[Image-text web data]
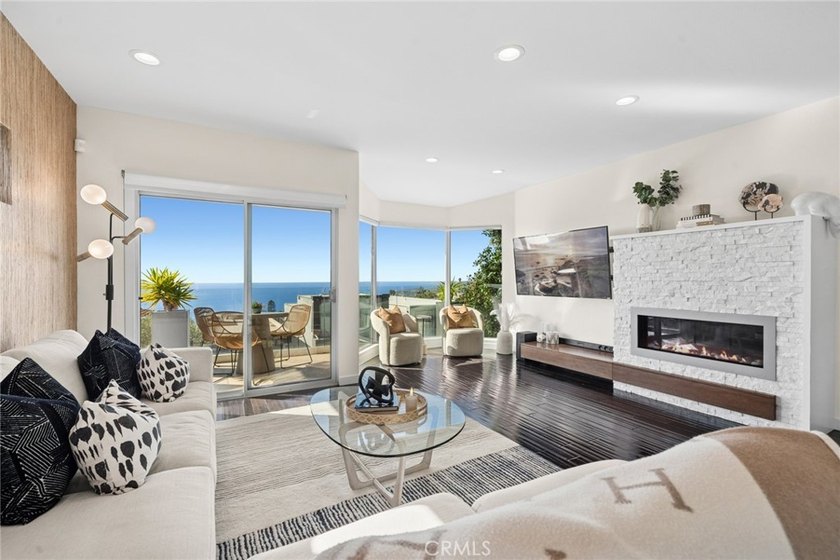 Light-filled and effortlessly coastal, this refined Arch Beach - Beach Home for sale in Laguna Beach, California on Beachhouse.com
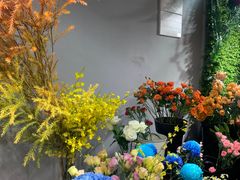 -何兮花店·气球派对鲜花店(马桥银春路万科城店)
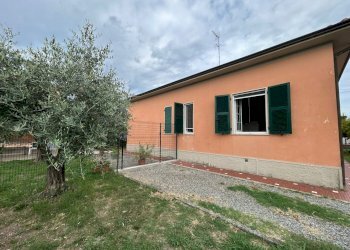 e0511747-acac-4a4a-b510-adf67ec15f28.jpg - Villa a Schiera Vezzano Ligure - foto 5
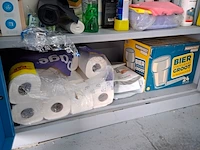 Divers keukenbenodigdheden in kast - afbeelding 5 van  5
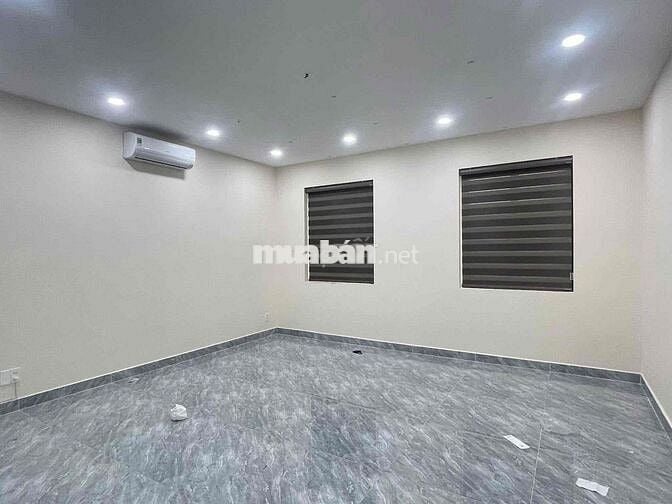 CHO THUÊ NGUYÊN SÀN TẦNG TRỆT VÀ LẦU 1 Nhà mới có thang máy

## YOUR ASSIGNMENT
Copy out all of the entries exactly as they stand, with no pictures in your copy.

## WRITTEN SOLUTION
 Light-filled and effortlessly coastal, this refined Arch Beach - Beach Home for sale in Laguna Beach, California on Beachhouse.com
 -何兮花店·气球派对鲜花店(马桥银春路万科城店)
 e0511747-acac-4a4a-b510-adf67ec15f28.jpg - Villa a Schiera Vezzano Ligure - foto 5
 Divers keukenbenodigdheden in kast - afbeelding 5 van  5
 CHO THUÊ NGUYÊN SÀN TẦNG TRỆT VÀ LẦU 1 Nhà mới có thang máy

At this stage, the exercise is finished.